The first, and the oldest, Waiting, is as its name suggests centered around those empty chairs that we often see in the streets, on the edges of the sidewalks, alone, waiting for a moment or a conversation, broken or forgotten. They are the symbol, according to the artist, “of the empty chairs of a country without a State”. The second, Free Walls, focuses on the city walls re-appropriated by its artists. And the third, Of Dogs and Humans, which, while crossing the thaoura and surreptitiously evoking the pandemic, captures attitudes and looks as expressive in some passers-by as in their faithful four-legged companions.

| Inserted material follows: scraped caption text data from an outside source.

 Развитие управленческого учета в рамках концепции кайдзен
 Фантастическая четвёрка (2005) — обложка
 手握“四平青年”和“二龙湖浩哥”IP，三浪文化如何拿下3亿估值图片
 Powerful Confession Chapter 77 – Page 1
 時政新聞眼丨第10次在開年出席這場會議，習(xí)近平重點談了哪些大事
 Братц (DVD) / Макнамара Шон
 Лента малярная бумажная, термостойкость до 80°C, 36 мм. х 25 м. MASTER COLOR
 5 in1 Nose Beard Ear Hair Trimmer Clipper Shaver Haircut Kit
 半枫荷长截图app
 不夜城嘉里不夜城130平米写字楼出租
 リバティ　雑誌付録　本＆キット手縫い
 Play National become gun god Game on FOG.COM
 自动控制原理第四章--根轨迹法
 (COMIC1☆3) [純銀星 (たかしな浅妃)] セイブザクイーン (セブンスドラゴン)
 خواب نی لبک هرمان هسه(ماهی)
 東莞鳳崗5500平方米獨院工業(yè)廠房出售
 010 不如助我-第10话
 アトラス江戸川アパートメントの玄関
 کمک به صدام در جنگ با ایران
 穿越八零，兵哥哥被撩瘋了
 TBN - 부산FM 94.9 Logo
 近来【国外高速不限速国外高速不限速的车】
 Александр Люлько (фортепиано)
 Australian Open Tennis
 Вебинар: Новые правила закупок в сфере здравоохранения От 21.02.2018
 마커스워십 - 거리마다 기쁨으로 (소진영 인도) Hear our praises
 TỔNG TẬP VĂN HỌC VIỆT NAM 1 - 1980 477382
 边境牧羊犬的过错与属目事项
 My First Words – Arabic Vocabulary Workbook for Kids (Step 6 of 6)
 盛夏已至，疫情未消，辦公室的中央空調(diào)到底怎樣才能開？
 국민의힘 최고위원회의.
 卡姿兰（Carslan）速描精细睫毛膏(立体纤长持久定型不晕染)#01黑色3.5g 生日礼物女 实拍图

Only images from before the collective trauma of August 4, “absolutely non-photographable”, says the looper in love with Beirut, who beyond this terrible shock has decided “to set out again towards something positive”. And to lead visitors to the exhibition in his wake.

It remains to be noted that all sales will be donated to the Marion Hochar Fund which helps women microentrepreneurs to rebuild their businesses and small industries destroyed by the explosion in the port on August 4.

“Éphémères” by Marie-Noëlle Fattal; BEYt Mar Mikhaël. Until January 3, 2021, from 11 a.m. to 8 p.m.

When she returned to Lebanon in 2015 after spending several years abroad, Marie-Noëlle Fattal set off every weekend to explore the various districts of Beirut on foot. Her way of reconnecting with this city to which she has always been attached, which has always inspired her, even from afar, she confides. With her smartphone in hand, she …

Leave a Comment

This site uses Akismet to reduce spam. Learn how your comment data is processed.